I’m still only two pages in.

Hopefully this will go faster when I get to the clinically relevant sections. . . fifty pages away.

I got to do my first transplant today.

More precisely, I assisted the attending for the first time today; but I have high hopes of getting to do more of the procedure later on. I really didn’t want to ask for anything more; I was still figuring out the anatomy (well, ok, so the external iliac artery and vein are not that complicated; but the way that the donor artery, vein, and ureter fit in is), and I don’t have much experience sewing blood vessels yet. So I’m content to wait through a couple more of these till he feels like letting me do some of the work.

The transplant attending, as I’ve mentioned before, is completely dedicated to his work, and is extremely hyper when there’s a transplant in the air. He haunts the OR, pacing back and forth, waiting for his room to be ready, calling the coordinators to check on the exact location of the organ in transit. He greets the patient, hugs them, asks if they’re all ready, or have any last-minute questions. He helps position the patient, helps anesthesia put the lines in (ok, so I’m not sure anesthesia wanted any help, but they got some), helps put the foley in, helps arrange the blankets, all the while commenting, “transplant means paying attention to details, Alice; you have to check on everything.”

Then we’re scrubbed in, and the noise level drops off. Everything has to be just so for him, but he has a reason for all of it, so I just do my best to adjust to the way he wants things. No extraneous movements. No unnecessary tension on anything, and above all on the donor tissues. Stay in the bloodless plane between tissue layers; watch the muscles split apart, the artery and vein separate off of each other. Tie countless knots onto nearly-invisible branches off the artery and vein, which will bleed all over the field after the anastomosis if we don’t get them now (“you’re tying better now than when we first met, Alice”). And then the nerve-wracking, painstaking business of matching the veins together, placing the stitches, sewing down; repeat for the artery. The ultimate test: “we’re about to take off the clamps, anesthesia, you all set? all the meds in? the pressure is good? here we go. . .” And the dead-white kidney turns in a split second to a beautiful pink, and you can feel the blood pulsing through if you just lay your finger against the capsule. Watch, and the urine comes dribbling out the ureter. Success! Then the last steps, catching all the little bleeding spots and sewing them shut, patching the ureter onto the bladder, tucking the whole thing into that artificial space at the edge of the pelvis, and watching as you close the muscles to make sure the pulse stays strong, nothing kinks.

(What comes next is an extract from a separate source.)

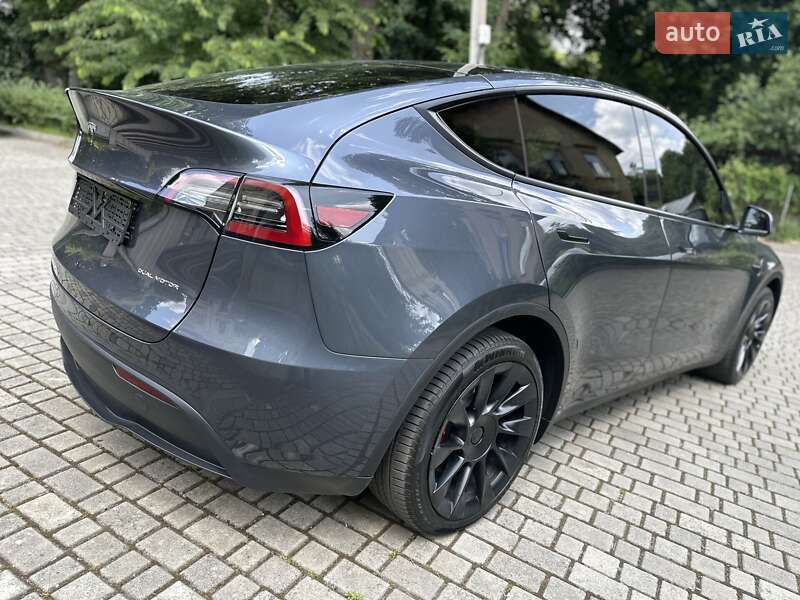 Внедорожник / Кроссовер Tesla Model Y 2023 в Львове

I love the sewing and tying, the part where I got to help the most. When I read him right, and had the sutures ready to throw down the minute he had the right-angle clamp where he wanted it, it was beautiful, like a miniature dance. I can’t wait to do this some more, so I get better at predicting the next step, and can do more to smooth things along.

At last, everything closed, we got ready to move the patient off the OR table. The foley bag was already filling up with pale urine, the first that patient had made in years, and it was the most beautiful thing in the world. We changed that patient’s life. We, and the family who donated the kidney. (I didn’t ask how the donor died; I knew it was a young person, and I didn’t want to think about it.)